From Avi: As I did last summer, I’ve invited 13 admired middle grade authors to write for my blog for the next three months. I hope you’ll tune in each Tuesday to see who has answered these three questions. You should have a list of terrific books to read and share and read aloud by the end of the summer … along with new authors to follow!
Your favorite book on writing:
This is not a book about the craft or the business of writing, but there’s plenty of material about that.

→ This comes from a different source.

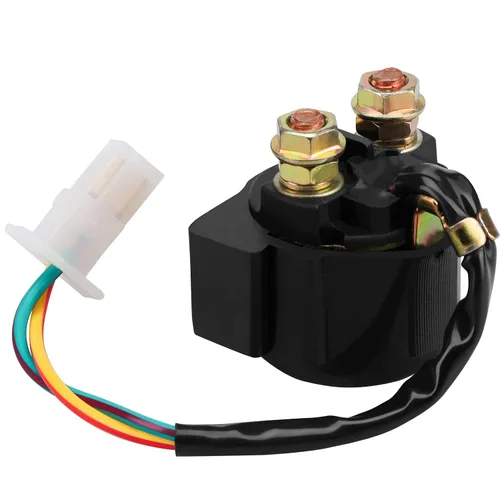 Miniatura 8 de Relé de solenoide de arranque para Honda TRX300 Fourtrax 300 1988-2000 / TRX200 Fourtrax 200 1984 / TRX250 Fourtrax 250 1985-1987 / TRX250 Sportrax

As a young writer, I worried about if I was a real writer. Was I writing the right things, the correct number of words or pages a day? Becoming a Writer by Dorothea Brande is one of the only books I know that describes how writers write, and one that verified my experience. Brande talks about first surrounding yourself with stimulus for writing, doing research, reading other writer’s works, visiting locales for your book. Then she mentions an incubation period — purposely not focusing on the work, doing something bland and methodical instead, what she calls having “a floor to scrub.” During this monotonous activity, ideas begin to pop up, seemingly from nowhere — and that is the time to sit down and write. Written in 1934, before left and right brain theories, and what we know now about the subconscious, her book describes both how writers use their conscious and subconscious brains, and the importance of daydreaming and doing monotonous action to nurture writing.
Reading aloud from my books:
Comics and graphic novels don’t often read well aloud because the text is too intertwined with the illustrations. But when I first started writing Lowriders in Space, I wasn’t sure if it would be a graphic novel or a picture book, so I wrote a narration that would work for both, and that read well aloud. For a comic, of course it’s best to share the art too (use a projector if you’re reading in a classroom). But as a librarian, I’ve observed many parents reading Lowriders in Space to their kids, even preschoolers, just like it was a picture book. For younger kids, I also recommend Ten Ways to Hear Snow, because it’s fun to make all the different snow noises, and to invent some of your own.